ASCII制表符和空格字符(十进制值9和32)可以由它们自己表示,除非这些字符出现在一行的末尾。如果其中一个字符出现在一行的末尾,则必须将其编码为“=09”(选项卡)或“=20”(空格)。
If the data being encoded contains meaningful line breaks, they must be encoded as an ASCII CR LF sequence, not as their original byte values. Conversely if byte values 13 and 10 have meanings other than end of line then they must be encoded as =0D and =0A.
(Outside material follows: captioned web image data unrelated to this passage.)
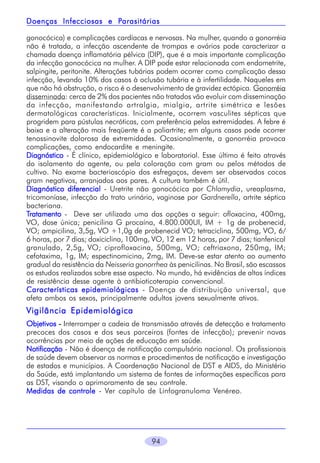 94
gonocócica) e complicações cardíacas e nervosas. Na mulher, quando a gonorréia
não é tratada, a infecção ascendente de trompas e ovários pode caracterizar a
chamada doença inflamatória pélvica (DIP), que é a mais importante complicação
da infecção gonocócica na mulher. A DIP pode estar relacionada com endometrite,
salpingite, peritonite. Alterações tubárias podem ocorrer como complicação dessa
infecção, levando 10% dos casos à oclusão tubária e à infertilidade. Naqueles em
que não há obstrução, o risco é o desenvolvimento de gravidez ectópica. Gonorréia
disseminada: cerca de 2% dos pacientes não tratados vão evoluir com disseminação
da infecção, manifestando artralgia, mialgia, artrite simétrica e lesões
dermatológicas características. Inicialmente, ocorrem vasculites sépticas que
progridem para pústulas necróticas, com preferência pelas extremidades. A febre é
baixa e a alteração mais freqüente é a poliartrite; em alguns casos pode ocorrer
tenossinovite dolorosa de extremidades. Ocasionalmente, a gonorréia provoca
complicações, como endocardite e meningite.
DiagnósticoDiagnósticoDiagnósticoDiagnósticoDiagnóstico - É clínico, epidemiológico e laboratorial. Esse último é feito através
do isolamento do agente, ou pela coloração com gram ou pelos métodos de
cultivo. No exame bacterioscópio dos esfregaços, devem ser observados cocos
gram negativos, arranjados aos pares. A cultura também é útil.
Diagnóstico diferencialDiagnóstico diferencialDiagnóstico diferencialDiagnóstico diferencialDiagnóstico diferencial - Uretrite não gonocócica por Chlamydia, ureaplasma,
tricomoníase, infecção do trato urinário, vaginose por Gardnerella, artrite séptica
bacteriana.
TTTTTratamentoratamentoratamentoratamentoratamento - Deve ser utilizada uma das opções a seguir: ofloxacina, 400mg,
VO, dose única; penicilina G procaína, 4.800.000UI, IM + 1g de probenecid,
VO; ampicilina, 3,5g, VO +1,0g de probenecid VO; tetraciclina, 500mg, VO, 6/
6 horas, por 7 dias; doxiciclina, 100mg, VO, 12 em 12 horas, por 7 dias; tianfenicol
granulado, 2,5g, VO; ciprofloxacina, 500mg, VO; ceftriaxona, 250mg, IM;
cefotaxima, 1g, IM; espectinomicina, 2mg, IM. Deve-se estar atento ao aumento
gradual da resistência da Neisseria gonorrhea às penicilinas. No Brasil, são escassos
os estudos realizados sobre esse aspecto. No mundo, há evidências de altos índices
de resistência desse agente à antibioticoterapia convencional.
Características epidemiológicasCaracterísticas epidemiológicasCaracterísticas epidemiológicasCaracterísticas epidemiológicasCaracterísticas epidemiológicas - Doença de distribuição universal, que
afeta ambos os sexos, principalmente adultos jovens sexualmente ativos.
Vigilância EpidemiológicaVigilância EpidemiológicaVigilância EpidemiológicaVigilância EpidemiológicaVigilância Epidemiológica
ObjetivosObjetivosObjetivosObjetivosObjetivos ----- Interromper a cadeia de transmissão através de detecção e tratamento
precoces dos casos e dos seus parceiros (fontes de infecção); prevenir novas
ocorrências por meio de ações de educação em saúde.
NotificaçãoNotificaçãoNotificaçãoNotificaçãoNotificação - Não é doença de notificação compulsória nacional. Os profissionais
de saúde devem observar as normas e procedimentos de notificação e investigação
de estados e municípios. A Coordenação Nacional de DST e AIDS, do Ministério
da Saúde, está implantando um sistema de fontes de informações específicas para
as DST, visando o aprimoramento de seu controle.
Medidas de controleMedidas de controleMedidas de controleMedidas de controleMedidas de controle - Ver capítulo de Linfogranuloma Venéreo.
Doenças Infecciosas e PDoenças Infecciosas e PDoenças Infecciosas e PDoenças Infecciosas e PDoenças Infecciosas e Parasitáriasarasitáriasarasitáriasarasitáriasarasitárias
如果被编码的数据包含有意义的换行符,则必须将它们编码为ASCII CR LF序列,而不是原始字节值。相反,如果字节值13和10的含义不是行尾,那么它们必须被编码为=0D和=0A。
Lines of quoted-printable encoded data must not be longer than 76 characters. To satisfy this requirement without altering the encoded text, soft line breaks may be added as desired. A soft line break consists of an "=" at the end of an encoded line, and does not cause a line break in the decoded text.
可引用的可打印编码数据行不得超过76个字符。为了在不改变编码文本的情况下满足这一要求,可以根据需要添加软换行符。软线中断包括在编码行的末尾的“=”,并且不会在解码文本中导致断行。
12 个解决方案
#1
19
There is functionality in the framework libraries to do this, but it doesn't appear to be cleanly exposed. The implementation is in the internal class System.Net.Mime.QuotedPrintableStream. This class defines a method called DecodeBytes which does what you want. The method appears to be used by only one method which is used to decode MIME headers. This method is also internal, but is called fairly directly in a couple of places, e.g., the Attachment.Name setter. A demonstration:
框架库中有这样做的功能,但它看起来并没有完全暴露。实现在内部类system . net . mi . quotedprintablestream中。这个类定义了一个叫做DecodeBytes的方法,它可以完成您想要的工作。该方法似乎只被用于解码MIME标题的一种方法。这个方法也是内部的,但是在一些地方被直接调用,例如附件。名字setter。一个示范:
using System;using System.Net.Mail;namespace ConsoleApplication1{ class Program { static void Main(string[] args) { Attachment attachment = Attachment.CreateAttachmentFromString("", "=?iso-8859-1?Q?=A1Hola,_se=F1or!?="); Console.WriteLine(attachment.Name); } }}Produces the output:
生成的输出:
¡Hola,_señor!
¡你好,_senor !
You may have to do some testing to ensure carriage returns, etc are treated correctly although in a quick test I did they seem to be. However, it may not be wise to rely on this functionality unless your use-case is close enough to decoding of a MIME header string that you don't think it will be broken by any changes made to the library. You might be better off writing your own quoted-printable decoder.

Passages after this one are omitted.